Часто человек, ухаживающий за больным, больше страдает, чем его подопечный. И если рассматривать человечество как единый организм, как предлагает христианство, если мы все — один всечеловек и во Христе имеем радость общения с Богом, мы можем преодолеть все наши скорби и трудности, можем получить прощение грехов, и тогда отходит на второй план, кто именно страдает — ты или другой. Нет этого мучительного вопроса: почему же так? почему кому-то одно, а кому-то другое?

— Но ведь те богатые, которые, живя в своих изолированных оазисах, щедро финансируют благотворительность, сами к чужому страданию не прикасаются.

— Нет, я думаю, прикасаются. В евангельской притче о богаче и нищем Лазаре, который лежал у его ворот, богач был осужден не за то, что был богат, а за то, что Лазарю ничем не помог и даже крошки ему не дал со своего стола. И трудно богатому войти в Царство Небесное именно потому, что мы все призваны делиться с другими, мы все призваны жить для других, и просто жить для себя ты не можешь.

— Когда-то в России богатые семьи занимались благотворительностью из поколения в поколение и видели оправдание своего богатства в том, что использовали его для служения Богу и ближнему. Но сейчас само слово «служение» вызывает вопрос: кому? И ответ для многих не очевиден. С другой стороны, благотворительность в мире, полном агрессии и лжи, требует организации, непрерывной упорядоченной работы на всех уровнях. И чтобы этим заниматься, человек должен четко знать, зачем ему это.

— У нас государство до сих пор сохраняет монополию на социальное служение, поэтому оно у нас практически не развивается. У человека, как правило, нет выбора, где получить помощь — в госучреждении или в НКО. И если так будет продолжаться, мы никогда не достигнем уровня больниц, домов престарелых и хосписов Европы или, скажем, Америки. Потому что этим должно заниматься все-таки общество.

Казалось бы, хорошо — у нас самые большие дома-интернаты, но иностранцы смотрят на нас с ужасом, когда слышат, что в доме-интернате живет пятьсот-шестьсот человек: там же превращаешься в деталь какой-то машины, в винтик. С другой стороны, о тебе заботятся, тебя кормят, тебе стирают, и на это тратятся огромные средства: у нас в Москве это больше ста тысяч в месяц на ребенка в детском доме для инвалидов.

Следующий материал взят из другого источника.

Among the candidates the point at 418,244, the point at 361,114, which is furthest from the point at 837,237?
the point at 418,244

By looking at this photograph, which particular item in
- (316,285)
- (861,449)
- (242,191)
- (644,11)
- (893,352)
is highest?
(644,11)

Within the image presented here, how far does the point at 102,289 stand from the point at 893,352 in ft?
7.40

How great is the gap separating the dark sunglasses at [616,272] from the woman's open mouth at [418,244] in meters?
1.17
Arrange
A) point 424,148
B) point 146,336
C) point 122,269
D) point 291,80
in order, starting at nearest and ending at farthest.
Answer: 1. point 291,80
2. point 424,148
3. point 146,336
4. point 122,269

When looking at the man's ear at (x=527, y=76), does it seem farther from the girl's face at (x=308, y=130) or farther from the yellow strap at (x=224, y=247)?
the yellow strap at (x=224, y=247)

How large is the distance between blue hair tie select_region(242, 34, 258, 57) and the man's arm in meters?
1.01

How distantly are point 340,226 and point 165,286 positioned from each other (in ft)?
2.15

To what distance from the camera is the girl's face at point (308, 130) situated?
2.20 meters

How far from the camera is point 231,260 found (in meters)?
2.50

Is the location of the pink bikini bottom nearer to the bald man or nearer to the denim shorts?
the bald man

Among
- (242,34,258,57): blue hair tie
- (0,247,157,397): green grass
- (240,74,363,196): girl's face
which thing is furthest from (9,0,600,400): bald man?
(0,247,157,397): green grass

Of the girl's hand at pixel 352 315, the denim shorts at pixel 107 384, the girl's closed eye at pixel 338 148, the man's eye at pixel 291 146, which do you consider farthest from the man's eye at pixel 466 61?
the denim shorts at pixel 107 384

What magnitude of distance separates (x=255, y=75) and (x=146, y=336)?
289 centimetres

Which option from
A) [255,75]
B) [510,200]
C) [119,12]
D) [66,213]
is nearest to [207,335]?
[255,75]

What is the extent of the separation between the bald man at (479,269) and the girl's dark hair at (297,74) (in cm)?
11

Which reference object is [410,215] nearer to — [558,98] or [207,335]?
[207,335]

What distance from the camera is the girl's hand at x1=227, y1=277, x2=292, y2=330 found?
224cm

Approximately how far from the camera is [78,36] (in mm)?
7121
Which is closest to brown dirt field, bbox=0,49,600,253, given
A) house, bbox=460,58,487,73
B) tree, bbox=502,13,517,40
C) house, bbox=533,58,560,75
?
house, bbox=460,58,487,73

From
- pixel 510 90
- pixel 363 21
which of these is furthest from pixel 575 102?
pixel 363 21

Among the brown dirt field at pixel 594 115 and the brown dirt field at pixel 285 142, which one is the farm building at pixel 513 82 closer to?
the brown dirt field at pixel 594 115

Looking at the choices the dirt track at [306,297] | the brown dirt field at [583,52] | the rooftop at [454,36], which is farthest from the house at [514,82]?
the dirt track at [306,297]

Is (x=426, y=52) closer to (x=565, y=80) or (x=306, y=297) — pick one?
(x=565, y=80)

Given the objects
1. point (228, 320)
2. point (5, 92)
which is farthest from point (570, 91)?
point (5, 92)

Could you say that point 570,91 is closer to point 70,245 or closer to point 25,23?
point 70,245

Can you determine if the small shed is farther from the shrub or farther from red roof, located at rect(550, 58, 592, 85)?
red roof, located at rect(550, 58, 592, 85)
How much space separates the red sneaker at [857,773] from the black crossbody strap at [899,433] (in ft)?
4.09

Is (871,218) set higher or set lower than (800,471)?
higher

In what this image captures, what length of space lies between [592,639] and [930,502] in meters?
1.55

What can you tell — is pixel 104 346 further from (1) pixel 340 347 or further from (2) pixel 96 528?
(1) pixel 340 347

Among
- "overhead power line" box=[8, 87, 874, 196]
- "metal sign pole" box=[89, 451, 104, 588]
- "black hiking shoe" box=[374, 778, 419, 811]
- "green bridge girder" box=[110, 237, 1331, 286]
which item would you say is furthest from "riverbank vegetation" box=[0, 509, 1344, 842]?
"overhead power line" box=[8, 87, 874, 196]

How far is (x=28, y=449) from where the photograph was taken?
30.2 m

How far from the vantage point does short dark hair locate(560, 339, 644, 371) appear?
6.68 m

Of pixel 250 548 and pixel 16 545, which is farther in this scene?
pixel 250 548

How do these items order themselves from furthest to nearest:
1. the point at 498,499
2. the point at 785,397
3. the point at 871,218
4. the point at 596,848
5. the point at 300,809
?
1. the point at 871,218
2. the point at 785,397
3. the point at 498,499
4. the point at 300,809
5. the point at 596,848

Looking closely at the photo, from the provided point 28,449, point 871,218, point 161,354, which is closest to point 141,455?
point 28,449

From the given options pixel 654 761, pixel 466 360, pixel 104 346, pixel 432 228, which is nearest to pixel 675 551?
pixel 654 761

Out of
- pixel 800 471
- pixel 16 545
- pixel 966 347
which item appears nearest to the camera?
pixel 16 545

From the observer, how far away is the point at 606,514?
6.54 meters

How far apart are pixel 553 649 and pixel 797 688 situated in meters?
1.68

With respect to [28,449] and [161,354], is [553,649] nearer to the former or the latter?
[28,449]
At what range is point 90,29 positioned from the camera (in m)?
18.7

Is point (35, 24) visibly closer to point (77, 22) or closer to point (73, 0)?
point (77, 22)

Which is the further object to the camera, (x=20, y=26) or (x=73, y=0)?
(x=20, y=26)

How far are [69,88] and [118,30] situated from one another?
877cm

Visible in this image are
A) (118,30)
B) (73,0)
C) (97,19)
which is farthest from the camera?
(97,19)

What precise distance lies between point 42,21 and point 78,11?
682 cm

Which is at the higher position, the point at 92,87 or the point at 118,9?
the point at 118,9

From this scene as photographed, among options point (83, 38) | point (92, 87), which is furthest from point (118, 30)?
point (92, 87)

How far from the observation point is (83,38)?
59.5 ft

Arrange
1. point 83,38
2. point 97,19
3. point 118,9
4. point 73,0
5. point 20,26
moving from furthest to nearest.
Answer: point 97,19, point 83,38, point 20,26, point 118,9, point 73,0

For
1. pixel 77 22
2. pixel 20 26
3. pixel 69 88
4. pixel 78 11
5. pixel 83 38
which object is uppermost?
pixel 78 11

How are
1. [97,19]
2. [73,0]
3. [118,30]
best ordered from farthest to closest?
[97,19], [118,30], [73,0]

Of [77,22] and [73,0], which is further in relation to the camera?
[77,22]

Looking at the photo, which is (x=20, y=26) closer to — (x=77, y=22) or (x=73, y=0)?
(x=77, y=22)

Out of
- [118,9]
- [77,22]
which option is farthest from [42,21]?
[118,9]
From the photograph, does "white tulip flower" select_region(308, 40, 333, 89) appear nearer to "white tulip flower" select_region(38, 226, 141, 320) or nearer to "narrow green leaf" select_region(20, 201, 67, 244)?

Ситуация странная. Мы все поворачиваемся лицом к общественной благотворительности, к тому, что делает Церковь, и все никак не повернемся. Хотя если дать обществу возможность взять это в свои руки, то и протестов и каких-то негативных явлений было бы у нас меньше, потому что многие люди нашли бы свое дело, смогли бы являть свою любовь, свою заботу. Но, конечно, нужно, чтобы этим занимались не только «низы», но и «верхи», ведь у нас когда-то самыми активными благотворителями были не крестьяне, не рабочие, а дворяне…

— …императорский дом…

— Императорский дом. А у нас создаются общественные советы, попечительские советы, но это на бумаге — они же не действуют, у них нет никаких прав, они не могут снять директора, не могут ночью прийти проверить детский дом или больницу. А ведь больница днем и больница ночью — две разные больницы. И детский дом днем или когда в него пришла комиссия и детский дом ночью — два разных детских дома. Конечно, можно везде поставить видеокамеры, чтобы понять, что там происходит, может, когда-то это и сделают, но ситуация мало изменится.

Но самое главное — это то, что наш народ, который раньше называли богоносцем, стал толпой разрозненных личностей, и у каждой своя вера. Например, человек не признает ни одной из религий, но верит в какое-то абстрактное божество. И что с этой верой делать? Ну хорошо, я знаю, что «там что-то такое есть», но как с ним дальше-то общаться? Не общаться? Просто бояться и ждать встречи с ним или что? Или надеяться, что оно доброе и все тебе простит, что бы ты ни сделал? Вот это главная причина, главная беда.